Clearly this is automaton benefits from the transition-based
acceptance.  If we want a traditional Büchi automaton, with
state-based acceptance, we only need to add the =-B= option.  The
result will of course be slightly bigger.

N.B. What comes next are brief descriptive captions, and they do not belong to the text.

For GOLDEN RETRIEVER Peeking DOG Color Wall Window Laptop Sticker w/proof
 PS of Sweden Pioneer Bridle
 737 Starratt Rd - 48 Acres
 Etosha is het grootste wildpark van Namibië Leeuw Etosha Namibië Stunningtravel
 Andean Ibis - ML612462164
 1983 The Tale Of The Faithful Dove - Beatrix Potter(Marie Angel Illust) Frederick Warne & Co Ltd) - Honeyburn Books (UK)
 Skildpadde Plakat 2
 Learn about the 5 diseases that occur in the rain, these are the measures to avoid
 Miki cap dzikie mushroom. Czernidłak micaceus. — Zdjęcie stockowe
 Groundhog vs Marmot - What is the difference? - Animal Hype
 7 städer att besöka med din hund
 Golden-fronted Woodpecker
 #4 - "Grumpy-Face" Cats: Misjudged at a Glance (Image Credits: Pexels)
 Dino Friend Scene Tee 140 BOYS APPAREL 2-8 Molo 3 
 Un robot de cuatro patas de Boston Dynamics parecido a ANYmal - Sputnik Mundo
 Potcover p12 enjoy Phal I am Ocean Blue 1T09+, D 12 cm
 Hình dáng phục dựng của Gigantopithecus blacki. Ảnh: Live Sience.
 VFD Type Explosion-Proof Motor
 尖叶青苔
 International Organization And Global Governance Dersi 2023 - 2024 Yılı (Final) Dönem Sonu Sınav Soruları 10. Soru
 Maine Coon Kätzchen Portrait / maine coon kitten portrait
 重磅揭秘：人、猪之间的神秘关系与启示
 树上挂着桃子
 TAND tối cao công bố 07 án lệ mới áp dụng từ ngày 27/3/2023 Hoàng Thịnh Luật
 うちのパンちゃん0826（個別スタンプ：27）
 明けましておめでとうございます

#+BEGIN_SRC sh :results verbatim :exports code
ltl2tgba -BD -x sat-minimize "GF(a <-> XXb)"
#+END_SRC
#+RESULTS:
#+begin_example
digraph G {
  0 [label="", style=invis, height=0]
  0 -> 1
  1 [label="1", peripheries=2]
  1 -> 2 [label="!a\n{Acc[1]}"]
  1 -> 3 [label="a & !b\n{Acc[1]}"]
  1 -> 4 [label="a & b\n{Acc[1]}"]
  2 [label="2", peripheries=2]
  2 -> 1 [label="!b & !a\n{Acc[1]}"]
  2 -> 4 [label="a\n{Acc[1]}"]
  2 -> 5 [label="b & !a\n{Acc[1]}"]
  3 [label="4"]
  3 -> 1 [label="a & b\n"]
  3 -> 2 [label="b & !a\n"]
  3 -> 3 [label="a & !b\n"]
  3 -> 6 [label="!b & !a\n"]
  4 [label="3"]
  4 -> 1 [label="!b\n"]
  4 -> 3 [label="a & b\n"]
  4 -> 6 [label="b & !a\n"]
  5 [label="6"]
  5 -> 1 [label="!b\n"]
  5 -> 4 [label="a & b\n"]
  5 -> 5 [label="b & !a\n"]
  6 [label="5"]
  6 -> 1 [label="a & b\n"]
  6 -> 2 [label="b & !a\n"]
  6 -> 4 [label="a & !b\n"]
  6 -> 5 [label="!b & !a\n"]
}
#+end_example

#+NAME: gfaexxb4
#+BEGIN_SRC sh :results verbatim :exports none
ltl2tgba -BD -x sat-minimize "GF(a <-> XXb)" | sed 's/\\/\\\\/'
#+END_SRC
#+RESULTS: gfaexxb4
#+begin_example
digraph G {
  0 [label="", style=invis, height=0]
  0 -> 1
  1 [label="1", peripheries=2]
  1 -> 1 [label="!b & !a\\n{Acc[1]}"]
  1 -> 2 [label="b & !a\\n{Acc[1]}"]
  1 -> 3 [label="a\\n{Acc[1]}"]
  2 [label="2"]
  2 -> 1 [label="!b & !a\\n"]
  2 -> 2 [label="b & !a\\n"]
  2 -> 3 [label="a & !b\\n"]
  2 -> 4 [label="a & b\\n"]
  3 [label="3", peripheries=2]
  3 -> 5 [label="!a\\n{Acc[1]}"]
  3 -> 6 [label="a\\n{Acc[1]}"]
  4 [label="5"]
  4 -> 1 [label="!b & !a\\n"]
  4 -> 5 [label="b & !a\\n"]
  4 -> 3 [label="a & !b\\n"]
  4 -> 6 [label="a & b\\n"]
  5 [label="4"]
  5 -> 1 [label="b & !a\\n"]
  5 -> 2 [label="!b & !a\\n"]
  5 -> 3 [label="a & b\\n"]
  5 -> 4 [label="a & !b\\n"]
  6 [label="6"]
  6 -> 1 [label="b & !a\\n"]
  6 -> 5 [label="!b & !a\\n"]
  6 -> 3 [label="a & b\\n"]
  6 -> 6 [label="a & !b\\n"]
}
#+end_example

#+BEGIN_SRC dot :file gfaexxb4.png :cmdline -Tpng :var txt=gfaexxb4 :exports results
$txt
#+END_SRC
#+RESULTS:
[[file:gfaexxb4.png]]


There are cases where =ltl2tgba='s =tba-det= algorithm fails to produce a deterministic automaton.
In that case, SAT-based minimization is simply skipped.  For instance:

#+BEGIN_SRC sh :results verbatim :exports both
ltl2tgba -D -x sat-minimize "Ga R (F!b & (c U b))" --stats='states=%s, det=%d'
#+END_SRC
#+RESULTS:
: states=4, det=0

The question, of course, is whether there exist a deterministic
automaton for this formula, in other words: is this a recurrence
property?  There are two ways to answer this question using Spot (and
some help from [[http://www.ltl2dstar.de/][=ltl2dstar=]]).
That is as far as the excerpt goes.